Asthma is perhaps one of the more common respiratory issues , both in children and in adults. It is a condition that can lead to breathing difficulties of varying degrees. Asthma is usually managed relatively easily through the use of inhalers, but it can, in serious cases, require professional medical intervention.
There are also potential consequences for oral health in those who suffer from this problem
How can it impact our oral health?
One common way in which our teeth and gums can be affected by this condition is that many asthma sufferers tend to breathe through their mouth rather than the nose in order to make it easier to breathe. This tends to dry out the mouth.
Salive is needed to wash away harmful plaque and germs. Without a regular flow of saliva, you can develop cavities, gum disease, and halitosis. Moreover, the irritants from an inhaler can lead to mouth ulcers and thrush.
Some of the inhalers used to manage this condition can also create dental issues. The steroid inhalers, for example, can cause erosion of the tooth enamel due to the acid content of the medication that is contained in the spray. This can lead to mottling of the teeth, especially in children.
High dosage and long duration of inhalation therapy has been closely linked with several adverse effects on the oral tissues.

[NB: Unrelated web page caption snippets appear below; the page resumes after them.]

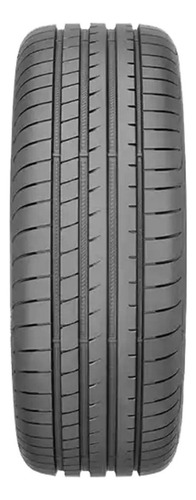 Llanta 275/45r20 110y Goodyear Eagle F1 Asymmetric 3 Índice De Velocidad Y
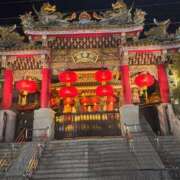 ヒメ日記 2025/11/16 09:52 投稿 星宮 BBW錦糸町店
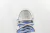 Air Force 1 Low 'Vibe' en internet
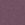 Marika Kira Stretch Woven Skort - Image 13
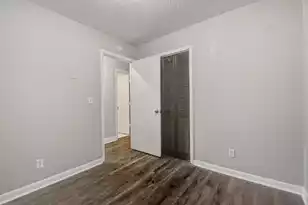 210 Elliott Dr, Ladson, SC 29456 - Photo 25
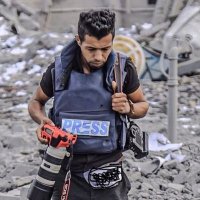 Saeed Mohmad (@said_m_jaras) 's Twitter Profile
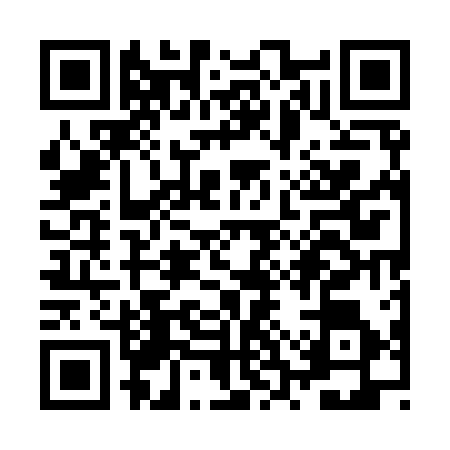QR code for ZSU9160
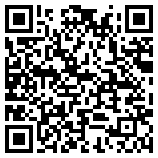 QR Code for X Treme Carpet Cleaning in Granite City, IL 62040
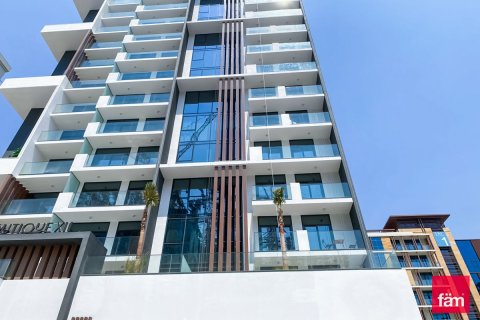 Al Jaddaf, Dubai, BAE’de satılık daire 2 yatak odası, 64.7 m&sup2; No 710087 - fotoğraf 19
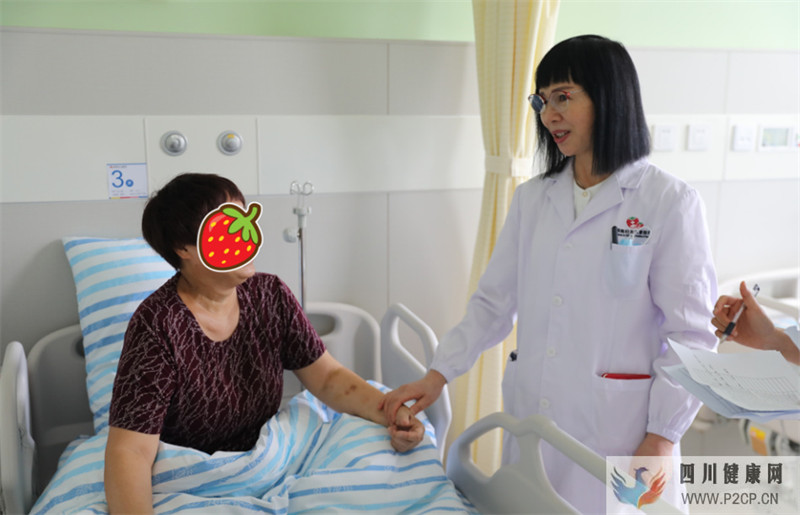 絕經(jīng)后就不做婦科檢查了？小心婦科腫瘤找上門(圖1)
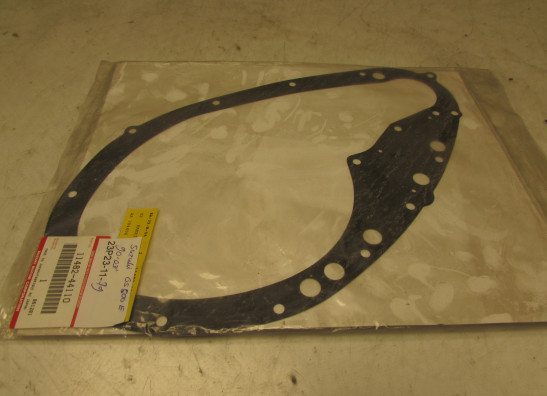 Motorblok diverse Suzuki GS 500 E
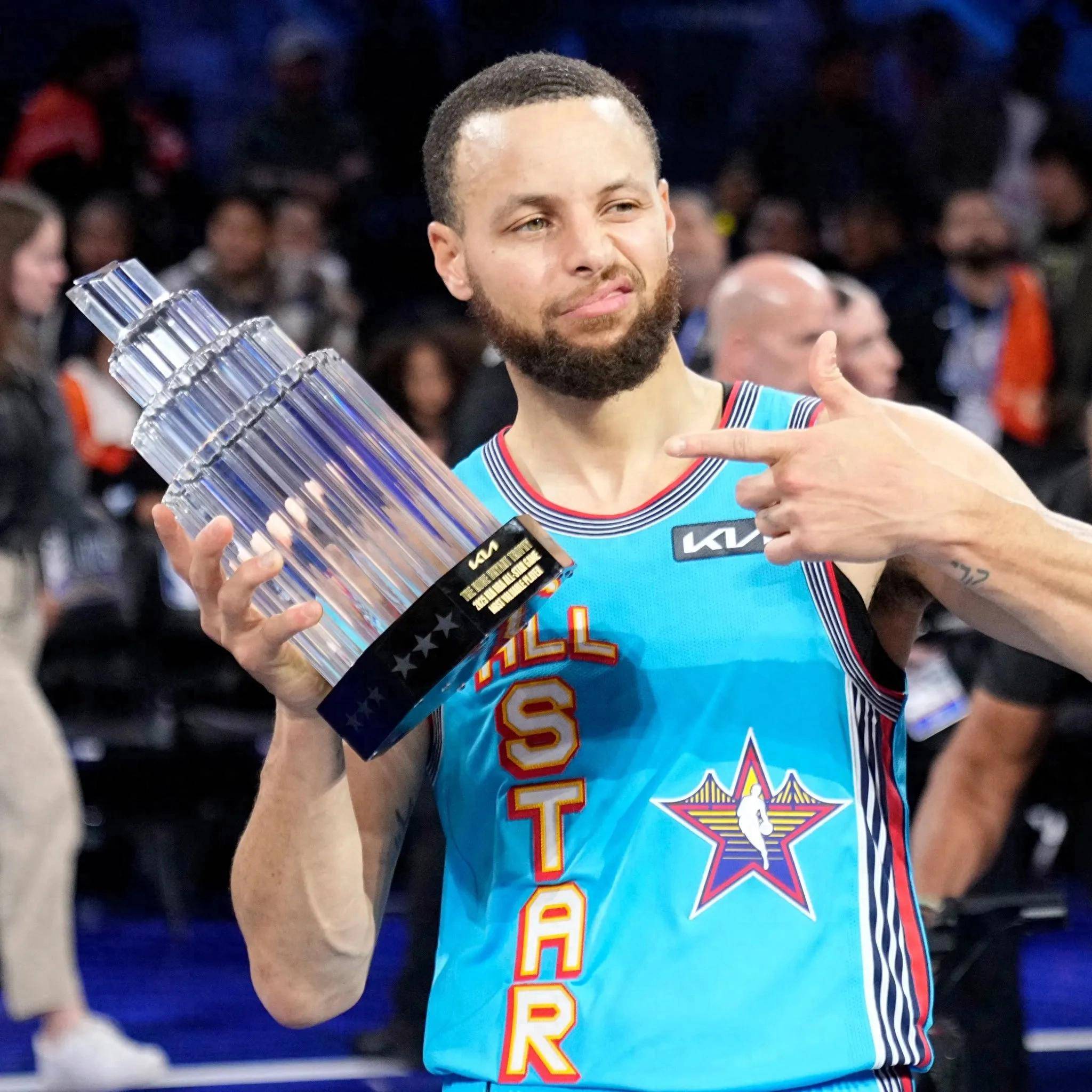 苏亚雷斯在 苏亚雷斯在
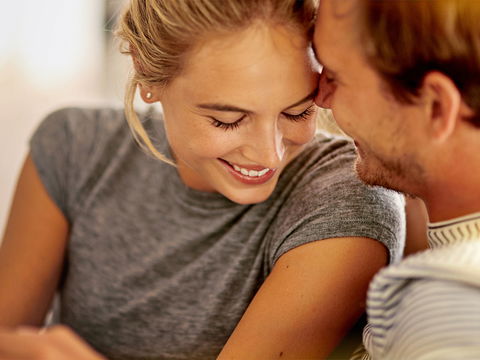 Toxische Positivität: So gefährlich kann Optimismus sein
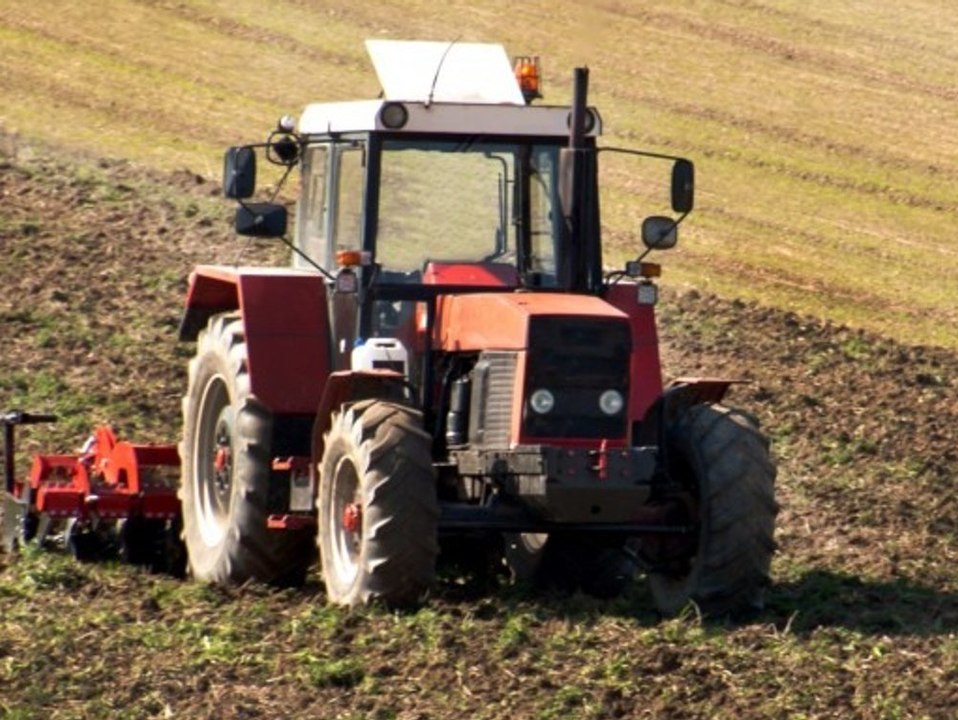 EU-Naturschutzgesetz: 3.000 Wissenschaftler wüten gegen die CDU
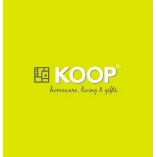 Koop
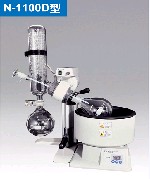 ���D���l(f��)�xֱ��ʽN-1100D-W/1100D-WD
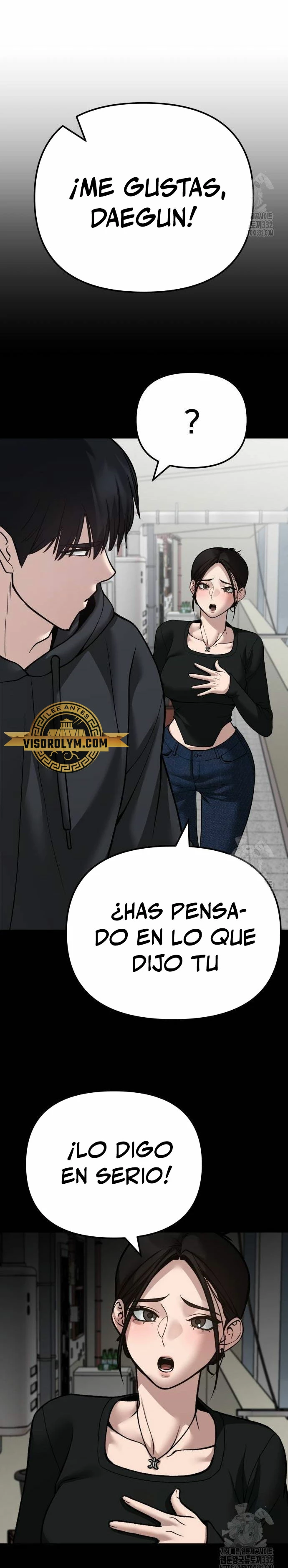 Página 60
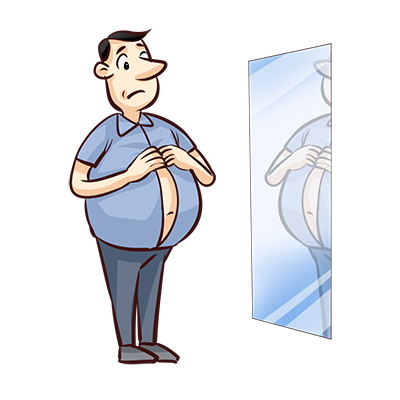 微信图片_20221104101221.jpg 微信图片_20221104101221.jpg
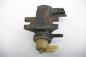 Preview: Unterdruckventil 70163303 Ford FOCUS 3 Turnier
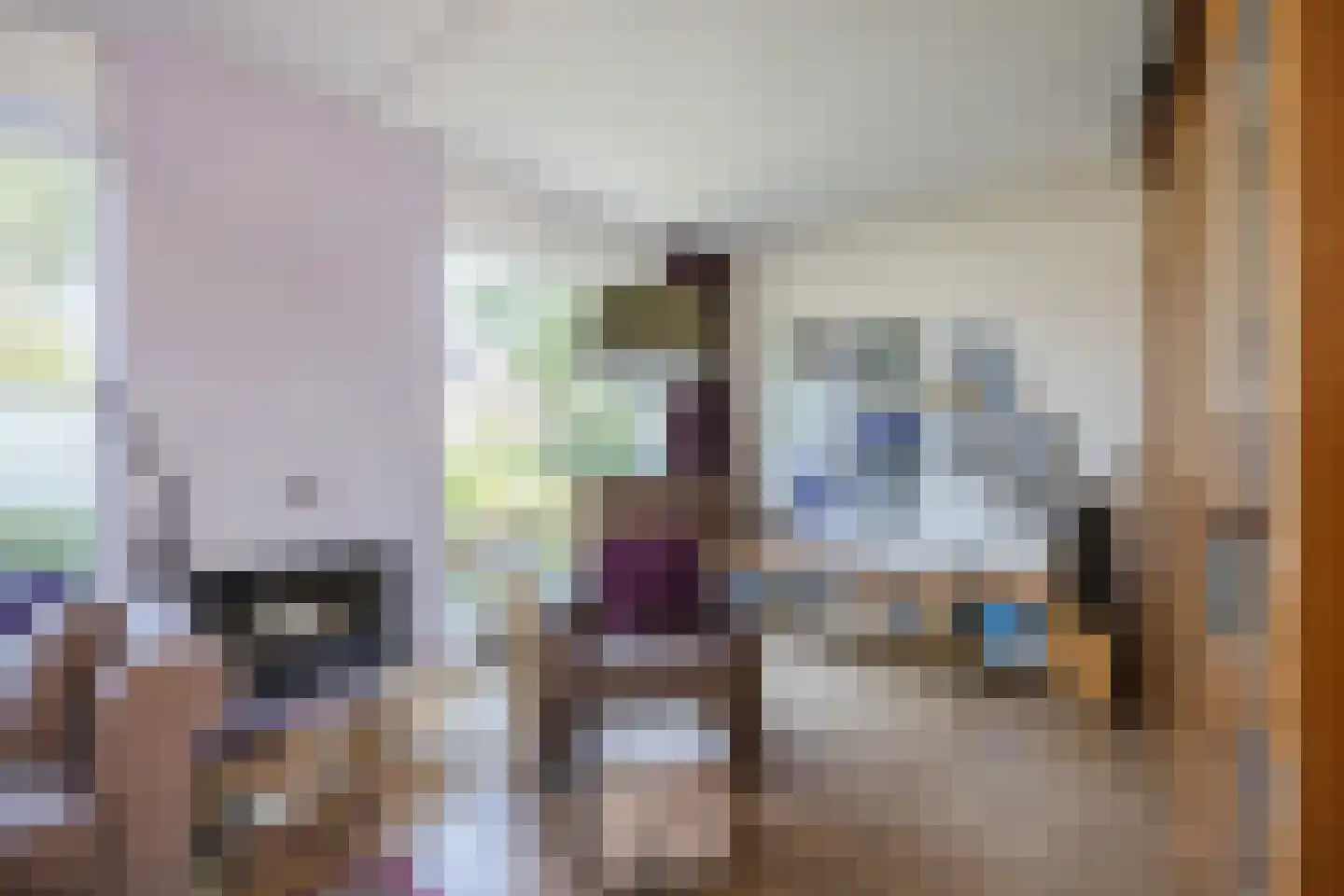 Valentina Tereshkovastraat 8 Hilvarenbeek thumbnail 5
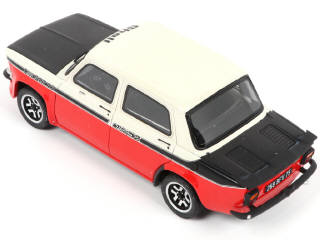 Lot 57 - OTTO MOBILE (FRANCE) (1)
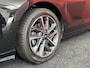 Hyundai i30 Wagon 1.0 T-GDi MHEV Comfort | Clima | Stoel/Stuur Verwarming | Camera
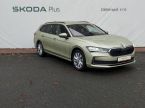 Škoda Superb - fotka číslo 30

As reduced salivary rate is accompanied by a concomitant increase in lactobacilli and Streptococcus mutans in the oral cavity, it may be one of the major contributing factors in the increase caries rate.
Protecting Your Gums and Teeth
If you use an inhaler for asthma or COPD, make sure you rinse out your mouth with water after each use. It also helps to brush your teeth. Make sure you drink water throughout the day to lessen any effects of dry mouth. You may also want to ask your medical provider about switching out your inhaler to one that will not place your teeth at risk.
What Can be done by the patient and family?
Use of small and frequent meals increase salivary flow. Sugar-free chewing gums, containing casein phosphopeptide-amorphous calcium phosphate (CPP-ACP), xylitol, or chlorhexidine, will increase the salivary flow rate CPP-ACP(available as Tooth mousse) is preferred due to its remineralizing action. Xylitol is a naturally occurring sweetener that cannot be fermented by cariogenic bacteria. Prolonged use of xylitol (Orbit and Happy dent) reduces bacterial counts in the plaque and saliva.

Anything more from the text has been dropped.